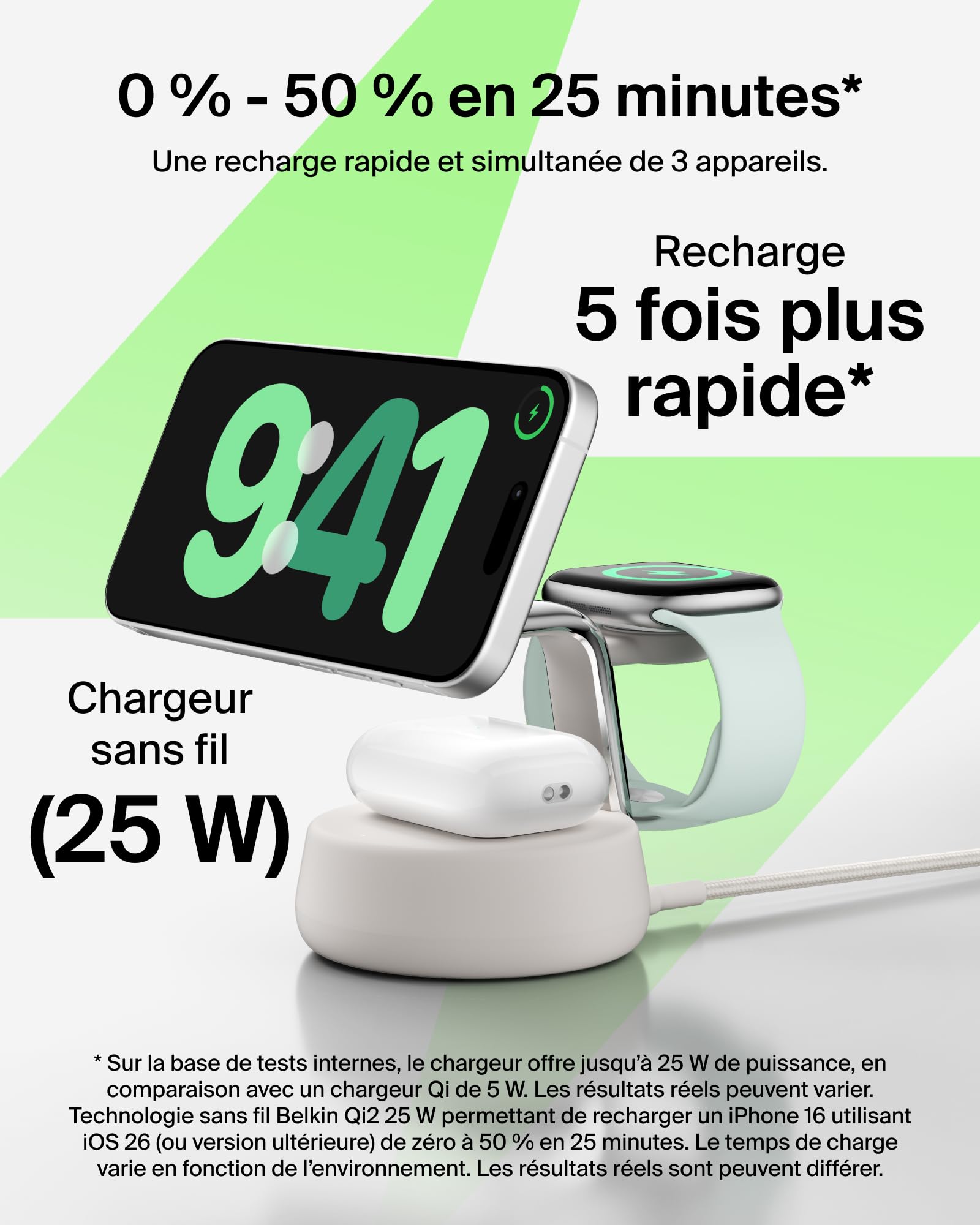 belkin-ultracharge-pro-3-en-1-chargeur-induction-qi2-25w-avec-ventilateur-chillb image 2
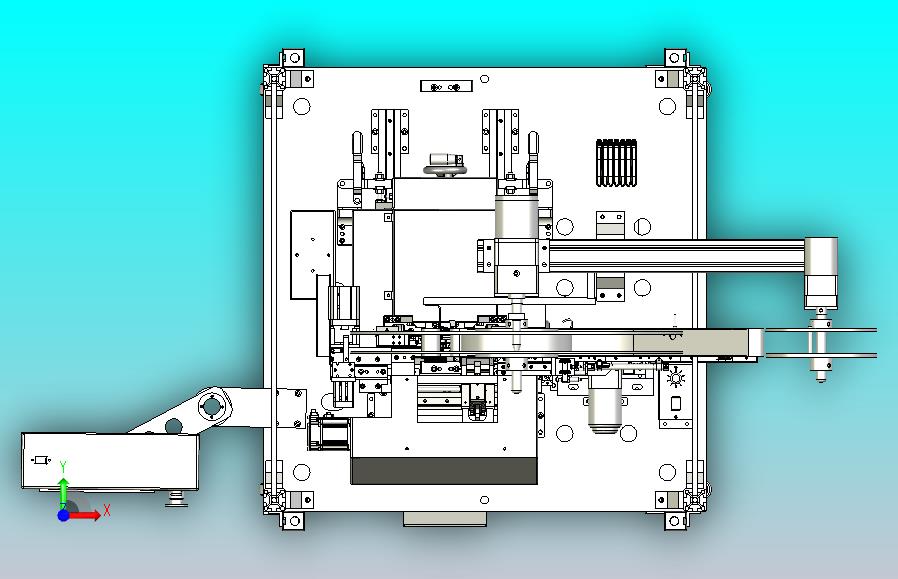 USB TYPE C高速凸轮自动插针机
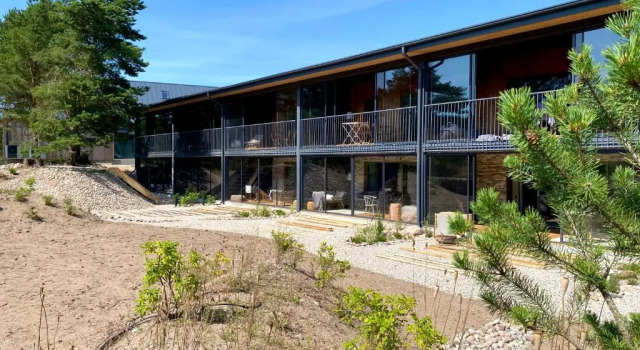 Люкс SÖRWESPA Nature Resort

........

#### EXERCISE DIRECTIONS
Exact reproduction is required for the lines from the one containing "USB TYPE C高速凸轮自动插针机" through the end of the material, and for those lines only, without pictures.

#### SOLUTION
 USB TYPE C高速凸轮自动插针机
 Люкс SÖRWESPA Nature Resort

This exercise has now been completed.